Moved from this position in 1873 it was relocated here in 1900. The long side of the cross is orientated north west-south east. Its maximum visible height is 1.7m. The shaft is at its widest about two-thirds of the way up the stone. The greatest dimensions of the shaft are 0.45m by 0.27m. The south west face has on it a cross carved in relief extending 0.54m down from the very top of the shaft. The arms of the relief cross extend 0.39m right across the width of the shaft. In other words, four `panels' have been removed from the upper portion of the shaft on this face. The lower panels measure 0.25m by 0.13m by 5mm deep, and the upper panels 0.16m by 0.12m by 5mm deep. The ends of the relief cross are slightly splayed, to a maximum of 0.14m. Between the arms of the relief cross a small incised cross has been cut, measuring 120mm horizontally by 110mm vertically, the cut being 10mm wide and 2mm deep. On the north east face, there is an incised cross near the top of the shaft. It measures 0.39m vertically by 0.34m horizontally. The cut is 20mm wide and has a maximum depth of 6mm. The arms of the incised cross extend right across the width of the shaft. The bottom of the incised cross is 0.44m below the top of the shaft. The flat head of the shaft is approximately square in section, measuring 0.25m by 0.26m.
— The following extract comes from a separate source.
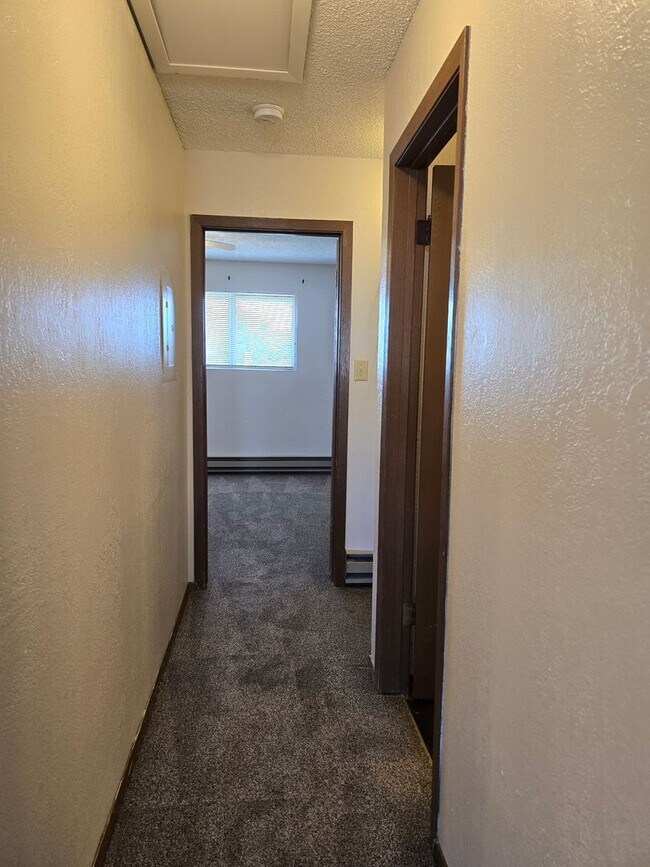 Building Photo - 1 Bed 1 Bath Apt.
A groove, perhaps caused by erosion, runs across the centre of the head and down both north west and south east sides for about 0.3m. This groove is mostly 20mm-30mm wide and 10mm deep.
Besides being on the road verge, the cross is sited on the top edge of a scarp that falls away to the north east to what appears to be an old sunken lane bordered by a wall on its far side, and running downslope in a south easterly direction. This may be the original route beside which the cross was first set up. However, the unusual shape of this cross, and its lack of conventional head and arms suggest that it is at least an early medieval example, and may represent a Christianised prehistoric standing stone.

Sources / Further Reading

SDV21157Article in Serial: Masson Phillips, E. N.. 1959. Supplementary Notes on the Ancient Stone Crosses of Devon (Fifth Paper). Transactions of the Devonshire Association. 91. A5 Hardback. 84-85.
SDV240502Article in Serial: Masson Phillips, E. N.. 1937. The Ancient Stone Crosses of Devon: Part I. Transactions of the Devonshire Association. 69. A5 Hardback. 342.
SDV259016Unattributed Sites and Monuments Register Entry: Unknown. Cross measurements. Unknown.
SDV259017Schedule Document: Ancient Monuments. 1993. Shorter Cross: a wayside cross on the north side of a minor road, 350m north west of Middlecott. The Schedule of Monuments. Unknown.
SDV259022Ordnance Survey Archaeology Division Card: Ordnance Survey Archaeology Division. 1953. SX78NW25. Ordnance Survey Archaeology Division Card. Card Index.
SDV259023Article in Serial: Thornton, W. H.. 1900-1901. Some Notes on the More Recent History of a Few Ancient Crosses Which Are to be Found in the Neighbourhood of North Bovey. Devon and Cornwall Notes and Queries. 1. Digital. 67-68 plate 9.
SDV279564Monograph: Crossing, W.. 1892. Old Stone Crosses of the Dartmoor Border. Old stone crosses of the Dartmoor border. Unknown. 120.
SDV302059Article in Serial: Crossing, W.. 1902-1903. The Ancient Stone Crosses of Dartmoor and its Borderland. Devon and Cornwall Notes and Queries. 2. Unknown. 139.
SDV359352Cartographic: Ordnance Survey. 2016. MasterMap. Ordnance Survey Digital Mapping. Digital. [Mapped feature: #49731 ]
SDV359353National Heritage List for England: Historic England. 2016. National Heritage List for England. Historic Houses Register. Digital. Accessed 28/06/2016.

Associated Monuments

MDV8229Related to: Week Down Cross, Chagford (Monument)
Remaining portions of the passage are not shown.